**WHAT YOU SHOULD DO**:
Copy exactly the lines of the data below, beginning with the line with "Volkswagen Passat Lim." and ending with the line with "ARCHIVO - El". Pictures are to be omitted.

== MATERIAL FOR THIS EXERCISE

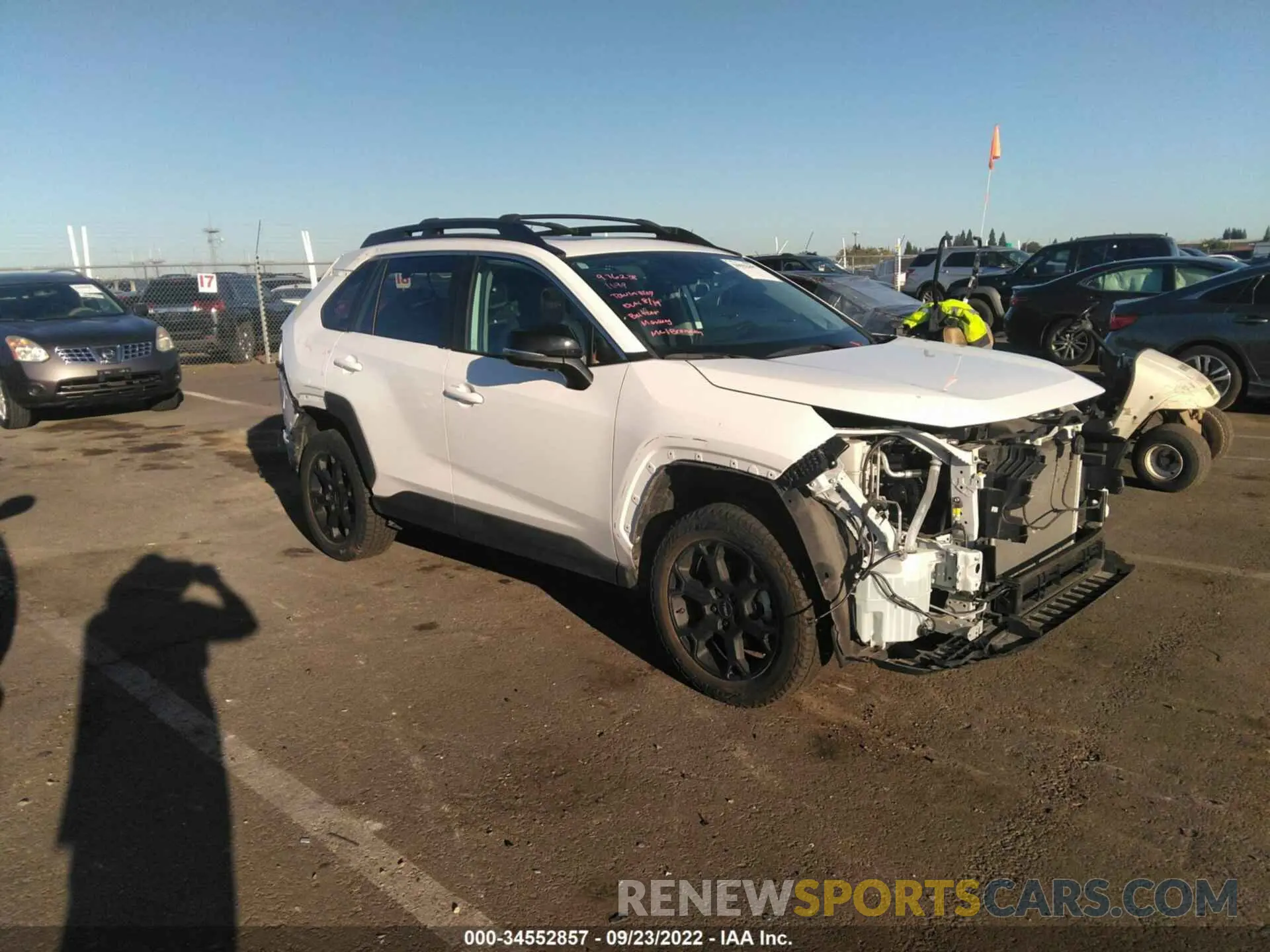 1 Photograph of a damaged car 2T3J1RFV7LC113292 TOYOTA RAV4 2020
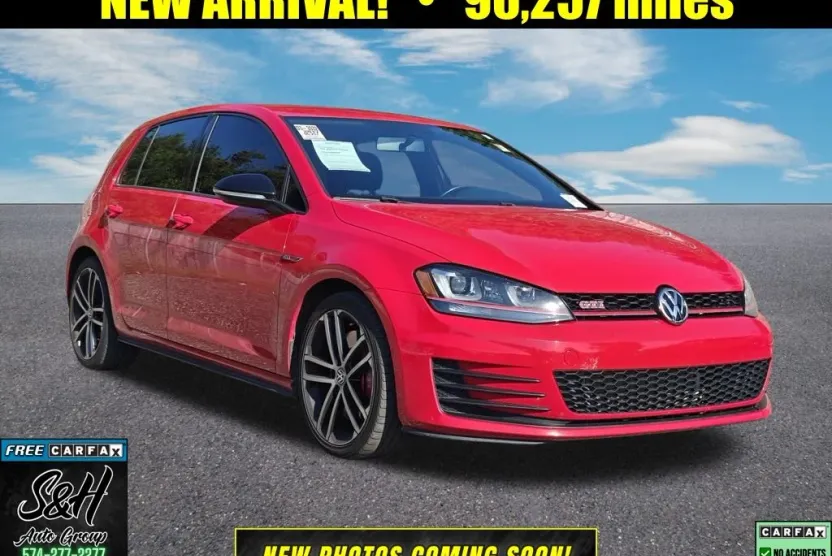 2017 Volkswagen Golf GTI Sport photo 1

====
== MATERIAL FOR THIS EXERCISE

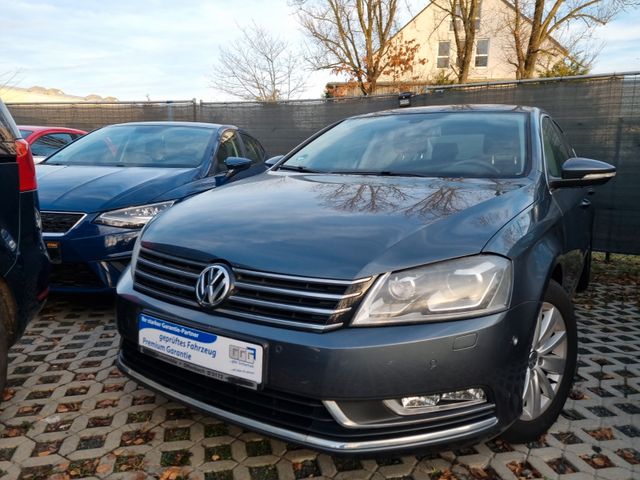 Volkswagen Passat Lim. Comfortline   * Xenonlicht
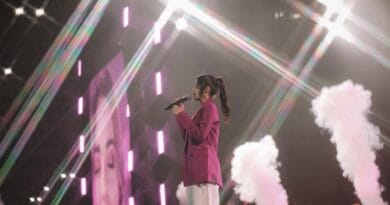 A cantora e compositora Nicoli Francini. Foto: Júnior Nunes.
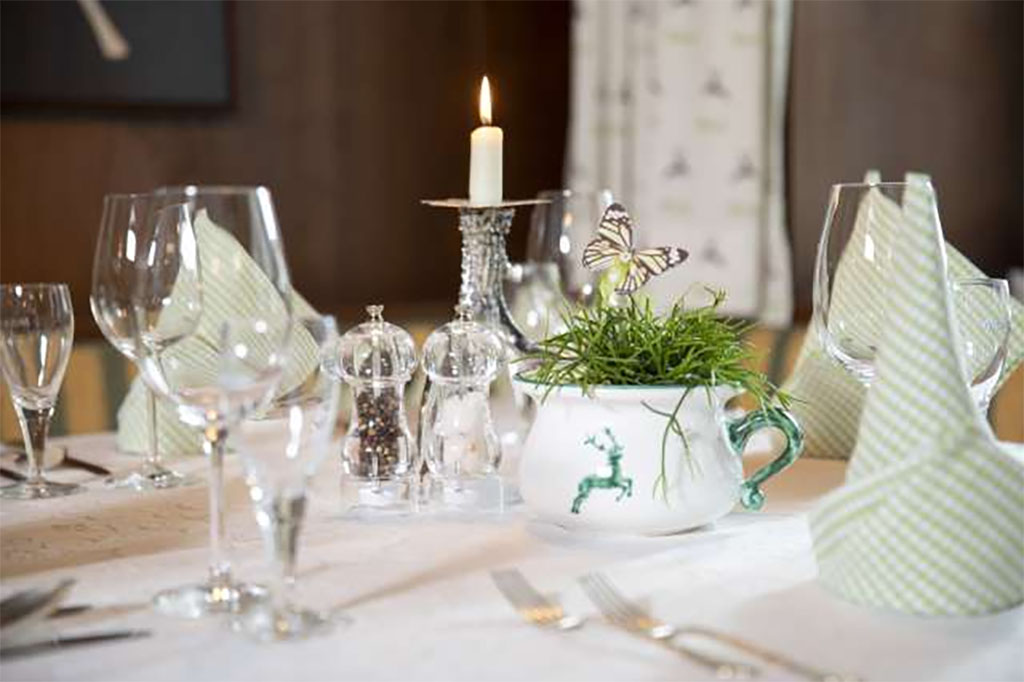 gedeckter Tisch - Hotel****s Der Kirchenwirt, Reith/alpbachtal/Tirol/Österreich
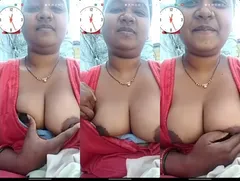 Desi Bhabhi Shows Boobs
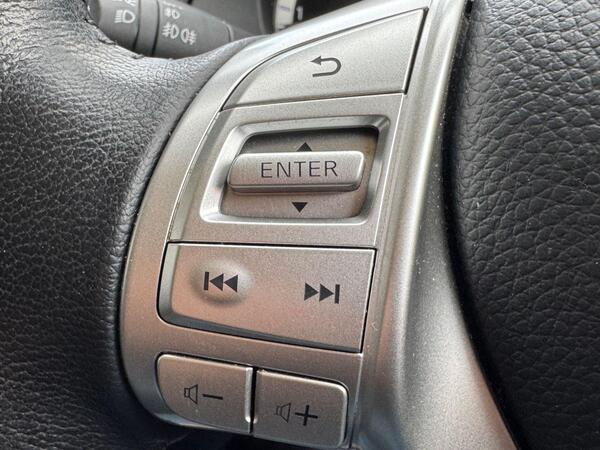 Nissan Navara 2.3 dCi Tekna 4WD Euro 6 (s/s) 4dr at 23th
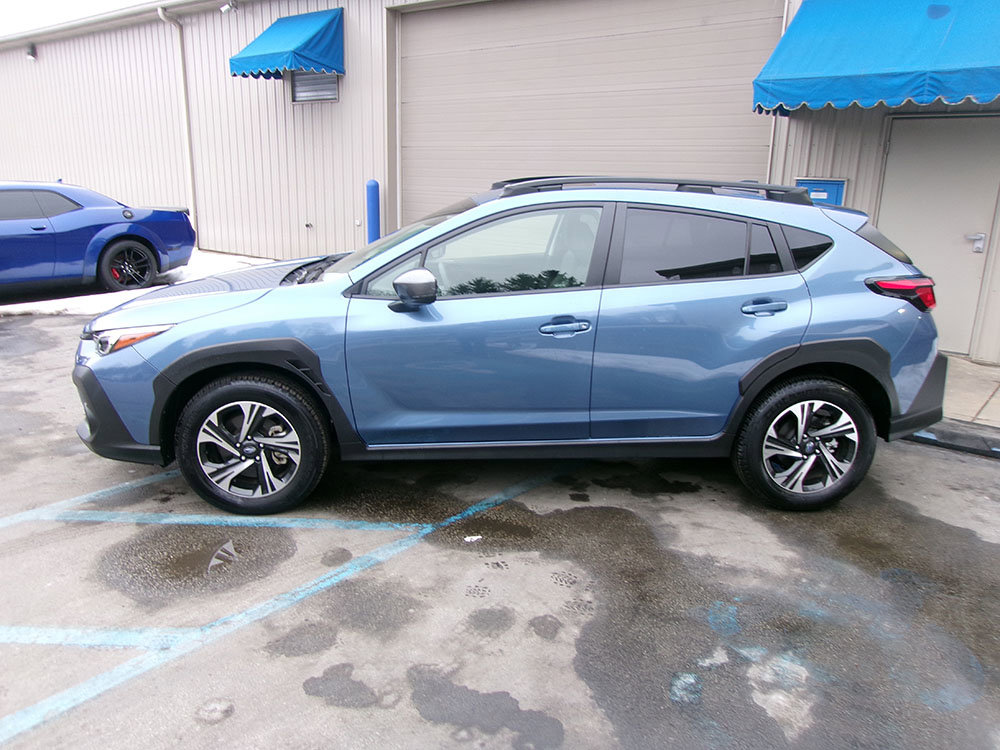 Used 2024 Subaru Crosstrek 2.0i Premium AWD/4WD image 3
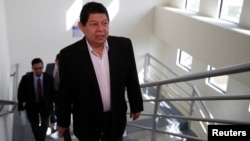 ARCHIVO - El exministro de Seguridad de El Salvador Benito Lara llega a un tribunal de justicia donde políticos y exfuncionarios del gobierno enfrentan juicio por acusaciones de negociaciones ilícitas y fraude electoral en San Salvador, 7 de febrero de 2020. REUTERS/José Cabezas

====

**TASK OUTPUT**:
 Volkswagen Passat Lim. Comfortline   * Xenonlicht
 A cantora e compositora Nicoli Francini. Foto: Júnior Nunes.
 gedeckter Tisch - Hotel****s Der Kirchenwirt, Reith/alpbachtal/Tirol/Österreich
 Desi Bhabhi Shows Boobs
 Nissan Navara 2.3 dCi Tekna 4WD Euro 6 (s/s) 4dr at 23th
 Used 2024 Subaru Crosstrek 2.0i Premium AWD/4WD image 3
 ARCHIVO - El exministro de Seguridad de El Salvador Benito Lara llega a un tribunal de justicia donde políticos y exfuncionarios del gobierno enfrentan juicio por acusaciones de negociaciones ilícitas y fraude electoral en San Salvador, 7 de febrero de 2020. REUTERS/José Cabezas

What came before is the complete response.